[Exercise data]
┌──

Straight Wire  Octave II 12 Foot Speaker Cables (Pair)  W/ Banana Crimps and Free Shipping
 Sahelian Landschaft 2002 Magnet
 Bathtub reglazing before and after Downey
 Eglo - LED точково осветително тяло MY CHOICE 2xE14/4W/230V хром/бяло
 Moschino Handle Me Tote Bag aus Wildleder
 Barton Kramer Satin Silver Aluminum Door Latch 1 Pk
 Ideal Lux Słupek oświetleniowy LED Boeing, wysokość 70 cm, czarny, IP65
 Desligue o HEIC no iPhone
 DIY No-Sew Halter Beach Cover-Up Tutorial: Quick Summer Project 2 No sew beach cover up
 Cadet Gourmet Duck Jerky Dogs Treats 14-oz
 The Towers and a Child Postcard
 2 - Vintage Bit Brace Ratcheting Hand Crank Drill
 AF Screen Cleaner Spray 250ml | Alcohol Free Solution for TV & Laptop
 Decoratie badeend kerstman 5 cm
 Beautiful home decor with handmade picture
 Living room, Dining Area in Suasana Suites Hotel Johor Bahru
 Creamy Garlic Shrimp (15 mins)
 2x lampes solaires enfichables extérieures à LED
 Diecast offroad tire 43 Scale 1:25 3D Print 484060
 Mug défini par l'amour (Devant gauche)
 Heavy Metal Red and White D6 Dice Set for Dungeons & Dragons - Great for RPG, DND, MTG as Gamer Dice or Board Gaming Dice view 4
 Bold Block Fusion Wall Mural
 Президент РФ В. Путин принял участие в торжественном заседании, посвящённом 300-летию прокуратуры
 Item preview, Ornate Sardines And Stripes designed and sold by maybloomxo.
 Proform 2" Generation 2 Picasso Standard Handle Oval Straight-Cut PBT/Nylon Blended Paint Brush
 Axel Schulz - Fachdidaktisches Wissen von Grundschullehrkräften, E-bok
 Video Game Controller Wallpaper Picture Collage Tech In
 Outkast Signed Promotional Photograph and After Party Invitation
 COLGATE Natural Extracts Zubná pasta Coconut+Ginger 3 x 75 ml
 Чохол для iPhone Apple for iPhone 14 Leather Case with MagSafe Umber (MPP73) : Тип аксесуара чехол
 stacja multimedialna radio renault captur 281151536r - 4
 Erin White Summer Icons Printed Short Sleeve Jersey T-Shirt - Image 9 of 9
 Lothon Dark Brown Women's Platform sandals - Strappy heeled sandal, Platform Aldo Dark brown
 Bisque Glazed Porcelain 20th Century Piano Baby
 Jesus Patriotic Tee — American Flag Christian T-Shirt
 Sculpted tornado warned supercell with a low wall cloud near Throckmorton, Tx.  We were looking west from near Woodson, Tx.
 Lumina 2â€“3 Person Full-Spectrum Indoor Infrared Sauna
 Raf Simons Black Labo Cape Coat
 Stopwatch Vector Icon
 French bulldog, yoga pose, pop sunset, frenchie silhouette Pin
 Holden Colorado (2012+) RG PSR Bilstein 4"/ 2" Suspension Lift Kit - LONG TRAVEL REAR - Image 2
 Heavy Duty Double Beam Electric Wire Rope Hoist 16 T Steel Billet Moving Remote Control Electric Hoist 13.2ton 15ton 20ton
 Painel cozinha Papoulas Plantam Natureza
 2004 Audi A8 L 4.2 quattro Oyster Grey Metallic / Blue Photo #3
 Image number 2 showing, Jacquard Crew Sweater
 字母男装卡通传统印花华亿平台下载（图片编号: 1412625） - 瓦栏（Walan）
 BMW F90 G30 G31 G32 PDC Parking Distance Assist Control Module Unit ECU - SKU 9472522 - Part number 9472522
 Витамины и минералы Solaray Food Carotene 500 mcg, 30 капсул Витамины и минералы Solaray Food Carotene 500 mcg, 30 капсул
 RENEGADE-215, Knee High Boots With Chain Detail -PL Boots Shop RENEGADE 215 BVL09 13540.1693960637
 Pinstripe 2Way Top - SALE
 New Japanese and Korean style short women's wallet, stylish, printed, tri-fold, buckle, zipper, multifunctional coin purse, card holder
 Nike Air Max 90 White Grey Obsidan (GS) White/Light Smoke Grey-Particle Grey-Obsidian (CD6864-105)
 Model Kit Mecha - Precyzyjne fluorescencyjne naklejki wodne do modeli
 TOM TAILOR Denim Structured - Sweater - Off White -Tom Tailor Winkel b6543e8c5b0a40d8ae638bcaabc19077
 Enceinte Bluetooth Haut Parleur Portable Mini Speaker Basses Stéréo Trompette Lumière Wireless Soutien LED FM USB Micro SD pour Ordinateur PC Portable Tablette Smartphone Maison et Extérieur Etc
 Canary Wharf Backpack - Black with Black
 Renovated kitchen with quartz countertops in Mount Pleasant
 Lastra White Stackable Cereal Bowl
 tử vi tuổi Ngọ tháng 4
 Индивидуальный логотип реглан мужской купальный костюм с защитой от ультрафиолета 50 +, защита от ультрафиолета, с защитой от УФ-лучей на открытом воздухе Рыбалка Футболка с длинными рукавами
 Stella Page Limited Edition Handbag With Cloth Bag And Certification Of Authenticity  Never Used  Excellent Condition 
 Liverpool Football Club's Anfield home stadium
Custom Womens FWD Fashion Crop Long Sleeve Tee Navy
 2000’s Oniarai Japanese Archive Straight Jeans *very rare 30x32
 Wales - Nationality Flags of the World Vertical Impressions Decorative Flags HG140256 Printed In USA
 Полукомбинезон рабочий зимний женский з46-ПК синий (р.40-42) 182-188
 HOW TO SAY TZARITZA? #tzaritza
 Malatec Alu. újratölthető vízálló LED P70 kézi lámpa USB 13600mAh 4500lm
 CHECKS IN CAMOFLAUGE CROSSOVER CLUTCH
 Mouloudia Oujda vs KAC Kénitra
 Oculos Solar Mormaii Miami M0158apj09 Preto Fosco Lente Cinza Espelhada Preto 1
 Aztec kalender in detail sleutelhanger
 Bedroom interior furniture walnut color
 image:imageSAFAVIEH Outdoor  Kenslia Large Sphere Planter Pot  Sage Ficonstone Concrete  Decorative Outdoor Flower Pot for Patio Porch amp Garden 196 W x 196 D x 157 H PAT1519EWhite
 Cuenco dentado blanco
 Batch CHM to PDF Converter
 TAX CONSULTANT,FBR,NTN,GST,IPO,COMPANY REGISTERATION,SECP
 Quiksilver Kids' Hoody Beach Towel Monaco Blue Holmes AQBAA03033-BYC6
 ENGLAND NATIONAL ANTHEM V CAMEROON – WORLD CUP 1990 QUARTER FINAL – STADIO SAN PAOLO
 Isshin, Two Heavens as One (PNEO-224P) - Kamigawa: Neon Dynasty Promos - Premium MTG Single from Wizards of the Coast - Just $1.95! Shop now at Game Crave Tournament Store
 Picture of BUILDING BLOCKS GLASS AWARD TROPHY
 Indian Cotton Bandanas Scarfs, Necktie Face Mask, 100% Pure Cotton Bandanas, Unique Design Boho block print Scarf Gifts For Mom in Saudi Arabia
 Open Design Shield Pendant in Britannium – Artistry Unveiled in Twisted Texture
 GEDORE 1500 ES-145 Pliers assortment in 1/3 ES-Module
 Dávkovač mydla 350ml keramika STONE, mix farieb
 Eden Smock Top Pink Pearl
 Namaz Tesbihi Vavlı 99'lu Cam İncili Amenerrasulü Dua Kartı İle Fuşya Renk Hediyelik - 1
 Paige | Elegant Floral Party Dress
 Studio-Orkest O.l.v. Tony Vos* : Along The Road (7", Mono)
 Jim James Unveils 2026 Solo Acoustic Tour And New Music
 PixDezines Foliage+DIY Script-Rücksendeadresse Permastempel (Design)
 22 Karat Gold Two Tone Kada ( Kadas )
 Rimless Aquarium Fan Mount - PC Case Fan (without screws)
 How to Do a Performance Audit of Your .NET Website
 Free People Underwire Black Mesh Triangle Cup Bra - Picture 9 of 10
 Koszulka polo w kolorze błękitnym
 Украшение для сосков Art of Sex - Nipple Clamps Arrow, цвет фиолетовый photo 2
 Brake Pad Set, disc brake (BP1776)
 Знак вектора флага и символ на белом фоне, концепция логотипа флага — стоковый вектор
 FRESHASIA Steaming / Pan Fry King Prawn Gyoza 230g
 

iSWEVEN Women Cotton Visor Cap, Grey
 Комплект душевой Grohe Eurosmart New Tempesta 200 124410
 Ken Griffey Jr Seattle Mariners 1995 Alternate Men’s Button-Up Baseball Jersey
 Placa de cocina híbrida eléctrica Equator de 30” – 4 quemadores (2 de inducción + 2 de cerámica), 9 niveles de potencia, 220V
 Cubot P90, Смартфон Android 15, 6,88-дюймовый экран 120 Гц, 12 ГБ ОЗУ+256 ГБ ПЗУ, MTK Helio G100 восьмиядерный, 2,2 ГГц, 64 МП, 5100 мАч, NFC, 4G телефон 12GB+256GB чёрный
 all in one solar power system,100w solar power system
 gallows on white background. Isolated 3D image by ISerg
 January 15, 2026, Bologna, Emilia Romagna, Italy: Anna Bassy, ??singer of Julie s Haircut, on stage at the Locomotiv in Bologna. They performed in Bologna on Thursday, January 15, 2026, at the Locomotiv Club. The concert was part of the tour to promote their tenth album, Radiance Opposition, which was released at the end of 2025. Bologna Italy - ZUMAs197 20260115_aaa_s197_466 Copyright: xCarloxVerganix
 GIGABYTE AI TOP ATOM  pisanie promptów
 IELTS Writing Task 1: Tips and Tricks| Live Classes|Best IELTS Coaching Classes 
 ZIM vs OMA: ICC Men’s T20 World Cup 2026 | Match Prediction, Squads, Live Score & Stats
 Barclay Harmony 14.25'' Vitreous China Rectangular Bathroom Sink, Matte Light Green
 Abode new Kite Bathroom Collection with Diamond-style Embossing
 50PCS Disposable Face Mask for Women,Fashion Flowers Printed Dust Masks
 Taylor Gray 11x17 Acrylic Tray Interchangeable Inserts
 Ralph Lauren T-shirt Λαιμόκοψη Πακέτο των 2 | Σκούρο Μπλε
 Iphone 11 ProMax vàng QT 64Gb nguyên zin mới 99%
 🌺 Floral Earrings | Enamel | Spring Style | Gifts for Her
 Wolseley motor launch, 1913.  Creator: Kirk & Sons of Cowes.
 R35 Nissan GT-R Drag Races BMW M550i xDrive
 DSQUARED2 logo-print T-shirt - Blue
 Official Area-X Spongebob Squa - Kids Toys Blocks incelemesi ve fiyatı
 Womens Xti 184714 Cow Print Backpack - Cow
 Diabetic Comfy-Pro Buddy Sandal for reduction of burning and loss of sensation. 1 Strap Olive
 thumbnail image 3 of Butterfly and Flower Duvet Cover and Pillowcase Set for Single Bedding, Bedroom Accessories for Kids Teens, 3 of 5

└──

[What the task requires] Please restate the records word for word. Go from the first line to the line with "Mug défini par l'amour (Devant gauche)" and include both.

[Response to this exercise]
Straight Wire  Octave II 12 Foot Speaker Cables (Pair)  W/ Banana Crimps and Free Shipping
 Sahelian Landschaft 2002 Magnet
 Bathtub reglazing before and after Downey
 Eglo - LED точково осветително тяло MY CHOICE 2xE14/4W/230V хром/бяло
 Moschino Handle Me Tote Bag aus Wildleder
 Barton Kramer Satin Silver Aluminum Door Latch 1 Pk
 Ideal Lux Słupek oświetleniowy LED Boeing, wysokość 70 cm, czarny, IP65
 Desligue o HEIC no iPhone
 DIY No-Sew Halter Beach Cover-Up Tutorial: Quick Summer Project 2 No sew beach cover up
 Cadet Gourmet Duck Jerky Dogs Treats 14-oz
 The Towers and a Child Postcard
 2 - Vintage Bit Brace Ratcheting Hand Crank Drill
 AF Screen Cleaner Spray 250ml | Alcohol Free Solution for TV & Laptop
 Decoratie badeend kerstman 5 cm
 Beautiful home decor with handmade picture
 Living room, Dining Area in Suasana Suites Hotel Johor Bahru
 Creamy Garlic Shrimp (15 mins)
 2x lampes solaires enfichables extérieures à LED
 Diecast offroad tire 43 Scale 1:25 3D Print 484060
 Mug défini par l'amour (Devant gauche)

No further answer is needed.